____ Data records

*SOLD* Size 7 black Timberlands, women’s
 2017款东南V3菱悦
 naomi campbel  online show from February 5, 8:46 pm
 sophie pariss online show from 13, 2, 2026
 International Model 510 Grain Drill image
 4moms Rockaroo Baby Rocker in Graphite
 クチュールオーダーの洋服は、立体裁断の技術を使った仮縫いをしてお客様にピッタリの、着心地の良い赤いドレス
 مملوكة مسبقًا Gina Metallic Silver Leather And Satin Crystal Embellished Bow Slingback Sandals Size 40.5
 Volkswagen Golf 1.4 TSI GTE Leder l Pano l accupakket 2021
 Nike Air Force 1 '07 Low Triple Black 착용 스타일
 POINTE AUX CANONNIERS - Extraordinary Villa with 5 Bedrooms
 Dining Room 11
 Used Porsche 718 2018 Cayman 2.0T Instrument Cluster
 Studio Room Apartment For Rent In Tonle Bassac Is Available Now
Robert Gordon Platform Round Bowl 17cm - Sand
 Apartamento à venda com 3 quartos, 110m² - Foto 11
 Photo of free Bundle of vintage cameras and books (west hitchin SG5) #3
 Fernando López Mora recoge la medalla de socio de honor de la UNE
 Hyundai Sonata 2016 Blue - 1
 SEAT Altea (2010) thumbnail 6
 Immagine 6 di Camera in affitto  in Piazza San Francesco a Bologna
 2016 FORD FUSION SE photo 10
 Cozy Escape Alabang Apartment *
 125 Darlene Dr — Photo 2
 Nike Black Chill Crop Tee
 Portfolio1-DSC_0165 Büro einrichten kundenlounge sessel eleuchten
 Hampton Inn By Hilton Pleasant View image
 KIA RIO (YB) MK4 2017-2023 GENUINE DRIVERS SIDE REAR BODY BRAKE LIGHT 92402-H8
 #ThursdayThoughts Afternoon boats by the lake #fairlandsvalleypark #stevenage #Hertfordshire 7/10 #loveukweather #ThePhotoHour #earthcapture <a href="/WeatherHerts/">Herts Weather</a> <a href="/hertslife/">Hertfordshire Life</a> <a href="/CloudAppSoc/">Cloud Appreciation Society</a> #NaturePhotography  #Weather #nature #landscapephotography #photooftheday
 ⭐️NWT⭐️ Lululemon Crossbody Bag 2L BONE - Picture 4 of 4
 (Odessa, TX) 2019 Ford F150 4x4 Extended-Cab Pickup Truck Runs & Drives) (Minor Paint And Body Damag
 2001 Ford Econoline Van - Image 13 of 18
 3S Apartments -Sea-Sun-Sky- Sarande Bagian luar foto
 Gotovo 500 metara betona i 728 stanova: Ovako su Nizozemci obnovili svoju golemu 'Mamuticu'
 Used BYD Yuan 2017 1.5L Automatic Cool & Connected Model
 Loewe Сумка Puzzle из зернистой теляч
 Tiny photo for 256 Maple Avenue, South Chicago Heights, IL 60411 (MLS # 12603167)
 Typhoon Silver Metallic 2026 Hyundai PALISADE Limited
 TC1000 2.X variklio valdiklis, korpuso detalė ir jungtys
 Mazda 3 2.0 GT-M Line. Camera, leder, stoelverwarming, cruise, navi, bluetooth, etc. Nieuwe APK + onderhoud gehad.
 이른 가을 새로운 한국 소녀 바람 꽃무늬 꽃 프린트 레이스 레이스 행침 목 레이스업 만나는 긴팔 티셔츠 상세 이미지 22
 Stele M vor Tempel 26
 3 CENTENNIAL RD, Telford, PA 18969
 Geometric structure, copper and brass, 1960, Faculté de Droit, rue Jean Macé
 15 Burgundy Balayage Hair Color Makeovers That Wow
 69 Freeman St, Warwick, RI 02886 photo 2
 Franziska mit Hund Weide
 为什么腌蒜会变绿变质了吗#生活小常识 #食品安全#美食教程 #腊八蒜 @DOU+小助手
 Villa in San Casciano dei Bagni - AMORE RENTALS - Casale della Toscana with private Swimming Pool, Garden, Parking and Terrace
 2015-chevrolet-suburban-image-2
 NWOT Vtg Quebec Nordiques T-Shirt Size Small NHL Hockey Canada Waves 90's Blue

________

Problem description
What is needed is a copy of every line above in which "Metallic" appears.

Task response
 مملوكة مسبقًا Gina Metallic Silver Leather And Satin Crystal Embellished Bow Slingback Sandals Size 40.5
 Typhoon Silver Metallic 2026 Hyundai PALISADE Limited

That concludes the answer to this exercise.